- **Dataset content**:
=-=-=-=-=
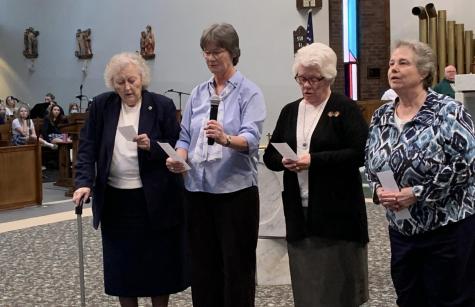 SSND Sisters and Principal, Sr. Irene Pryle SSND and 8th Grade Teacher, Sr. Joan Pikiell SSND. 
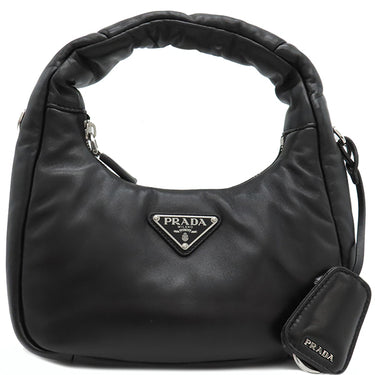 プラダ PRADA パデッド ナッパレザー バッグ 1BA384 ブラック レザー 2WAYバッグ シルバー金具 黒 ハンドバッグ ショルダー 三角ロゴプレート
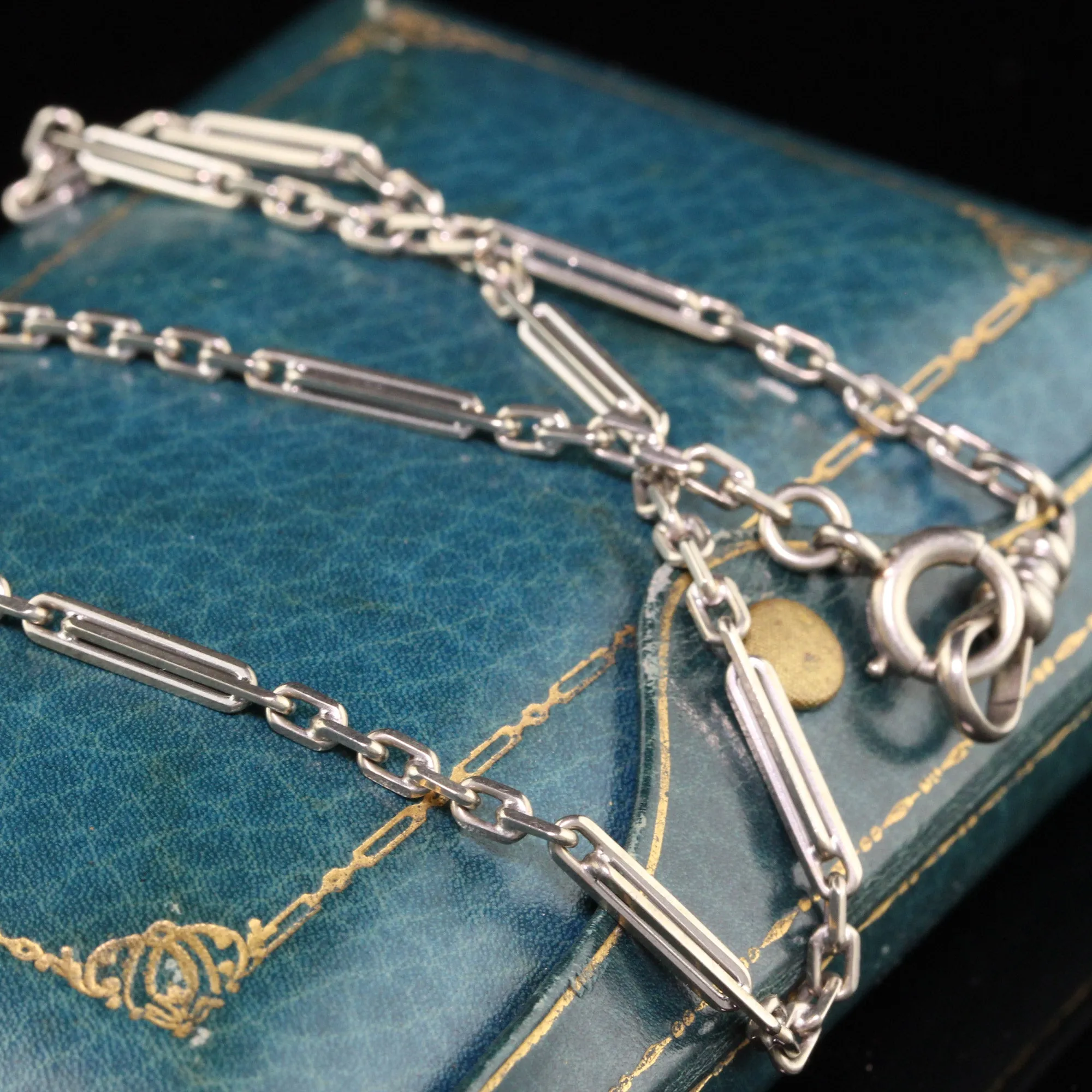 Antique Art Deco 14K White Gold Intricate Link / Watch Fob Chain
=-=-=-=-=
- **What you are asked to do**: Without the pictures, repeat every line of the material above exactly.

- **Your response**:
 SSND Sisters and Principal, Sr. Irene Pryle SSND and 8th Grade Teacher, Sr. Joan Pikiell SSND. 
 プラダ PRADA パデッド ナッパレザー バッグ 1BA384 ブラック レザー 2WAYバッグ シルバー金具 黒 ハンドバッグ ショルダー 三角ロゴプレート
 Antique Art Deco 14K White Gold Intricate Link / Watch Fob Chain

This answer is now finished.